> [Required action]: Leaving out every picture, quote the data below exactly as it appears.

---------- Supplied material ----------

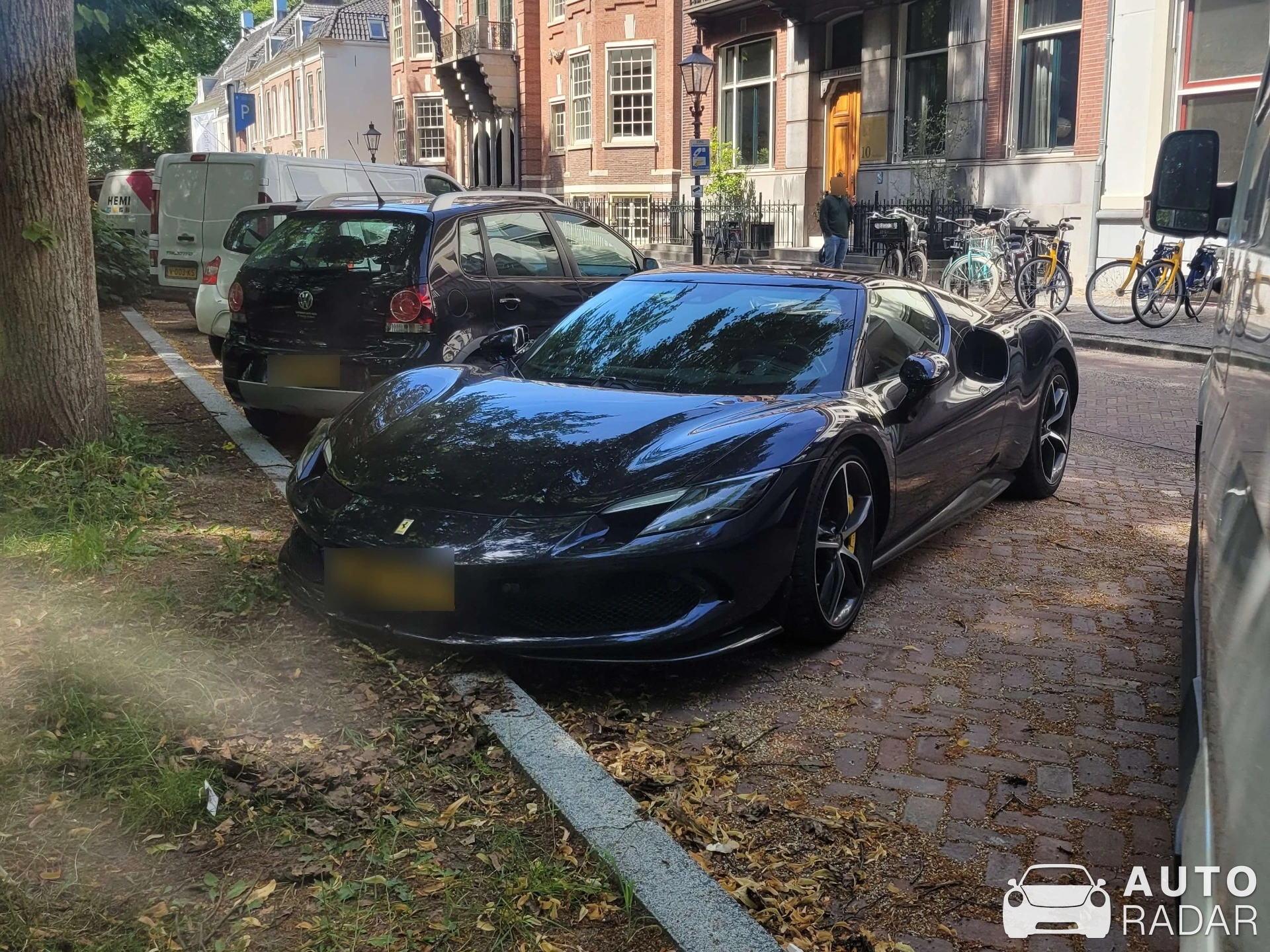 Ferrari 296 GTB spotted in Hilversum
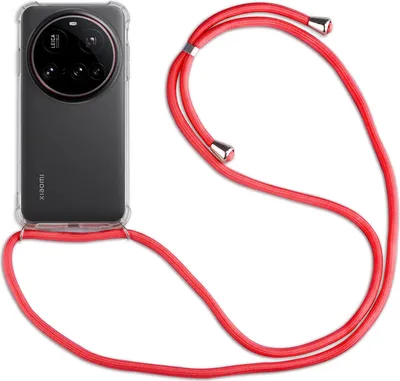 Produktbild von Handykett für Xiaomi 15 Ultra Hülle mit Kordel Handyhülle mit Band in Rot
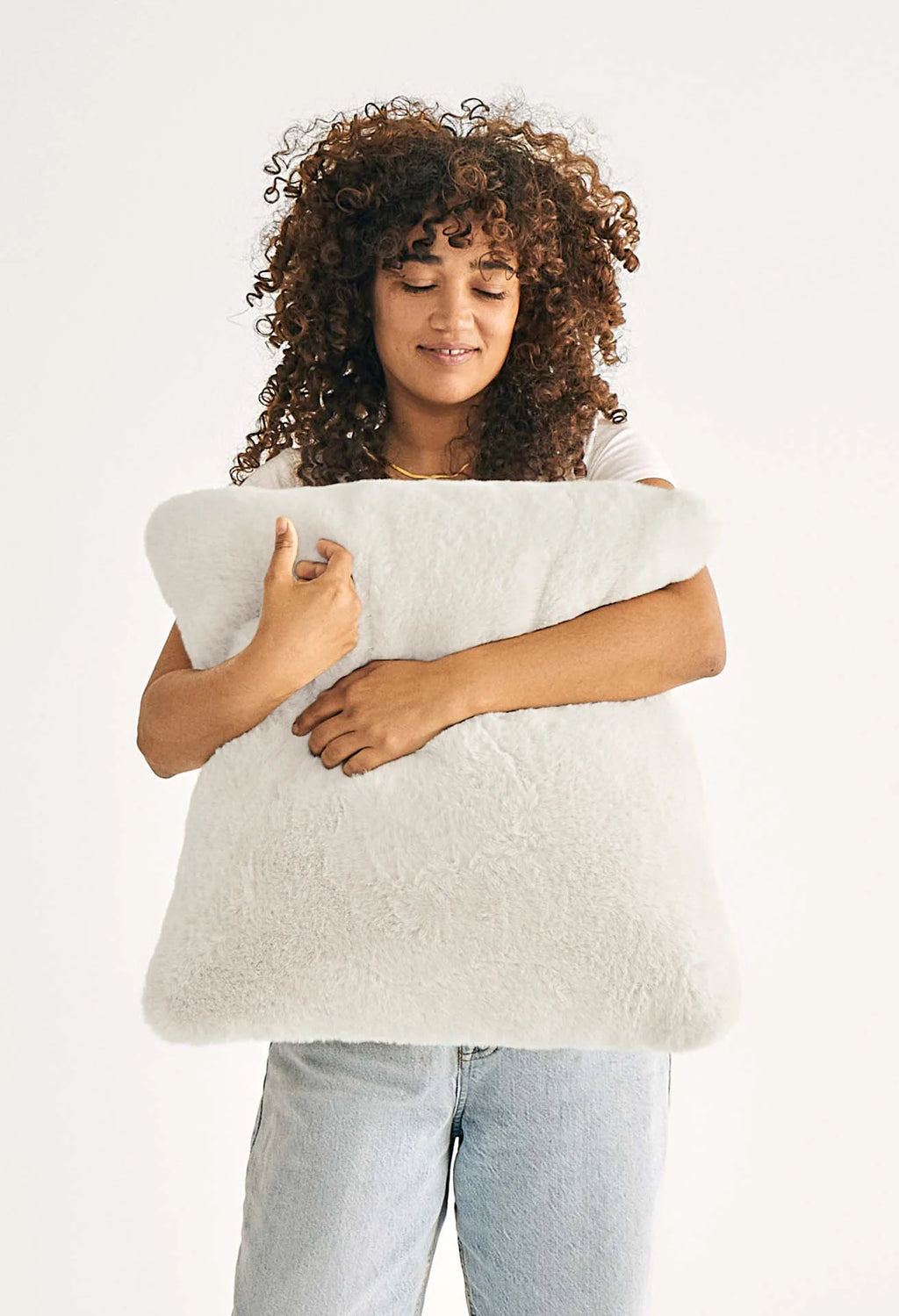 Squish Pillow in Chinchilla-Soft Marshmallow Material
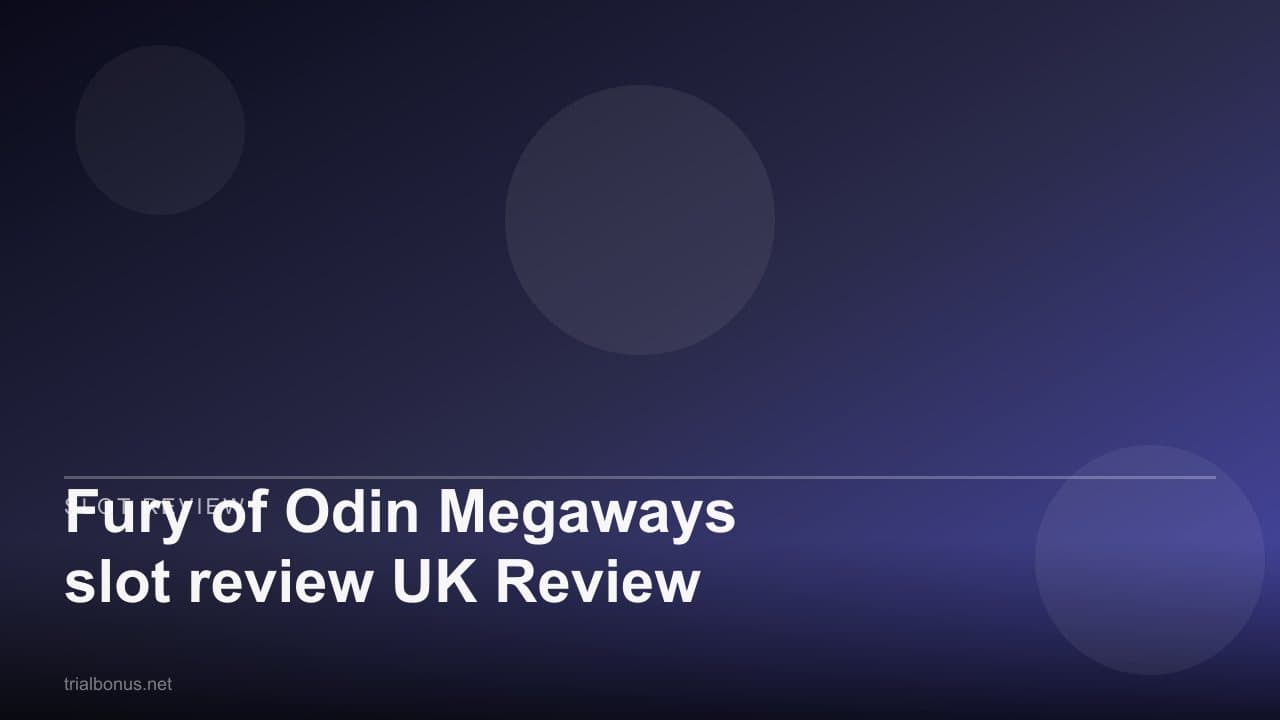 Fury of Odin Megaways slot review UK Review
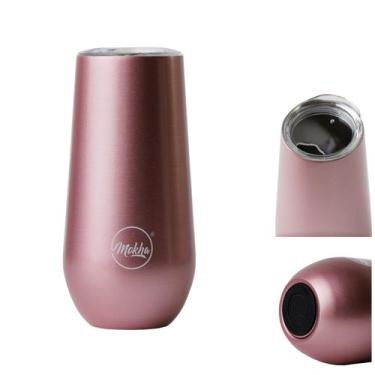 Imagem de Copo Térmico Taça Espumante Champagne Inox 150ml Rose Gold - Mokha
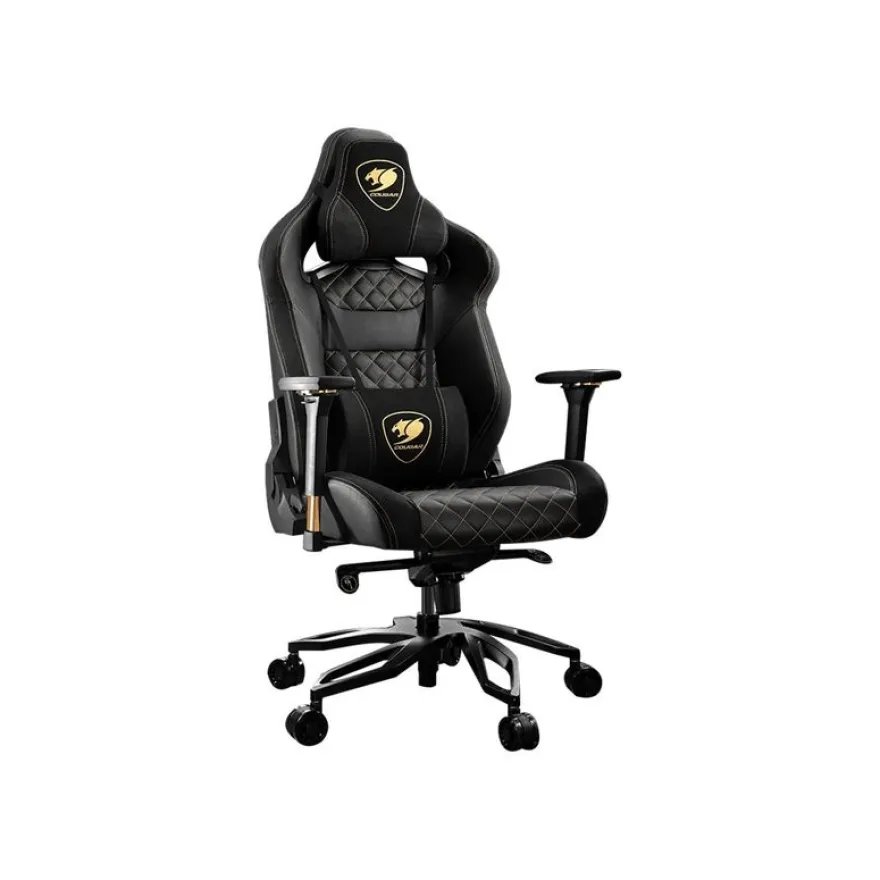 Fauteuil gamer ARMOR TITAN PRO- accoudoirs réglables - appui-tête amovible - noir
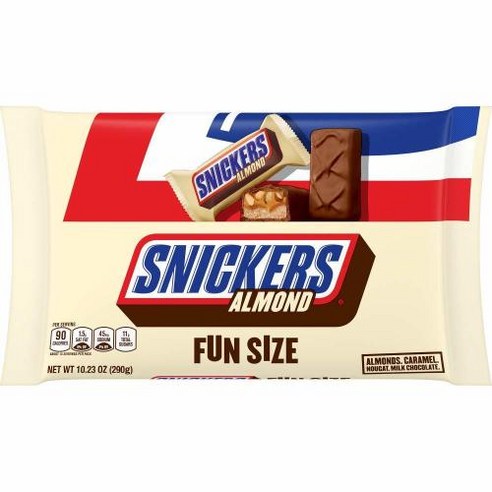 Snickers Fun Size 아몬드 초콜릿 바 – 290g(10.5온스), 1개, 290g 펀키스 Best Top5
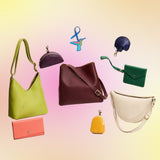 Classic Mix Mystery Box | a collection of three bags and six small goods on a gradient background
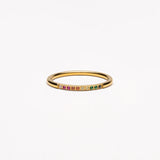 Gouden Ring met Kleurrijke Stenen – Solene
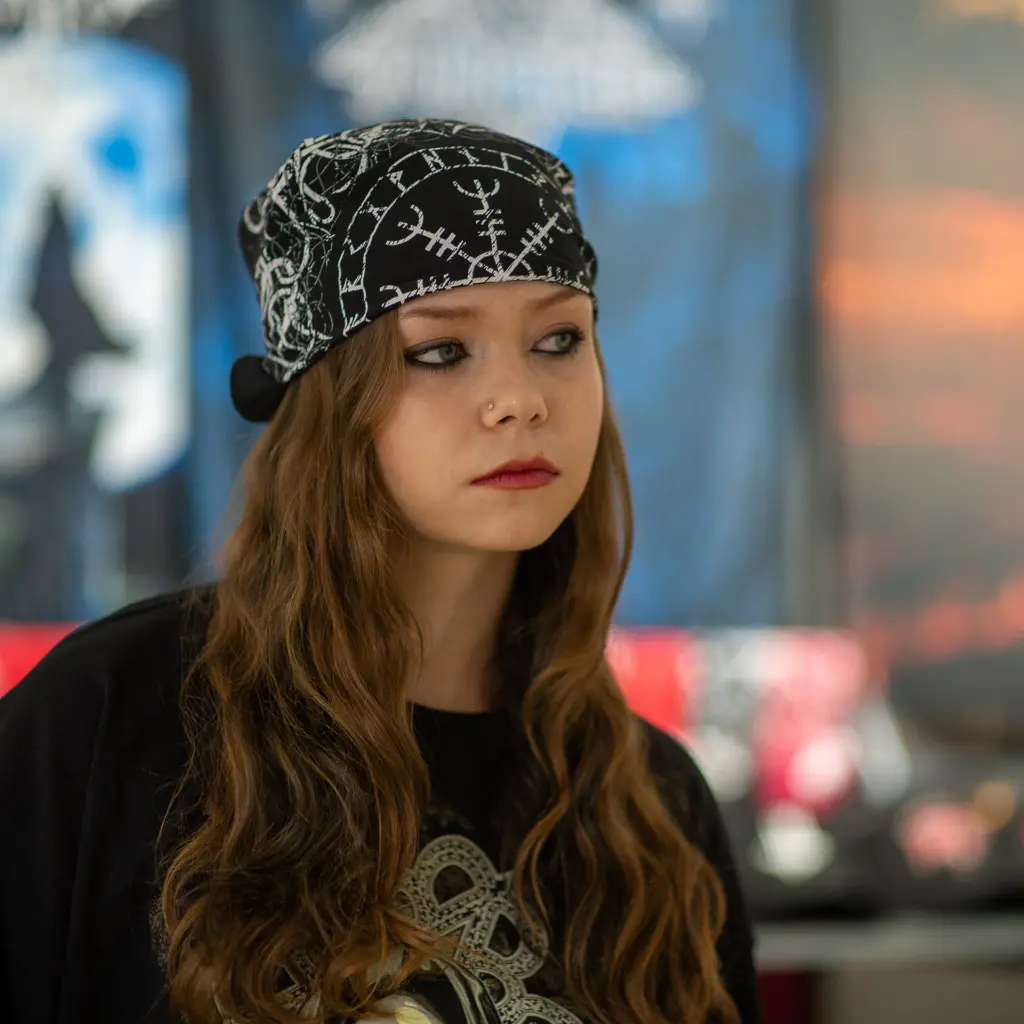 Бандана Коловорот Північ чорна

----------

> [Worked solution]:
 Ferrari 296 GTB spotted in Hilversum
 Produktbild von Handykett für Xiaomi 15 Ultra Hülle mit Kordel Handyhülle mit Band in Rot
 Squish Pillow in Chinchilla-Soft Marshmallow Material
 Fury of Odin Megaways slot review UK Review
 Imagem de Copo Térmico Taça Espumante Champagne Inox 150ml Rose Gold - Mokha
 Fauteuil gamer ARMOR TITAN PRO- accoudoirs réglables - appui-tête amovible - noir
 Snickers Fun Size 아몬드 초콜릿 바 – 290g(10.5온스), 1개, 290g 펀키스 Best Top5
 Classic Mix Mystery Box | a collection of three bags and six small goods on a gradient background
 Gouden Ring met Kleurrijke Stenen – Solene
 Бандана Коловорот Північ чорна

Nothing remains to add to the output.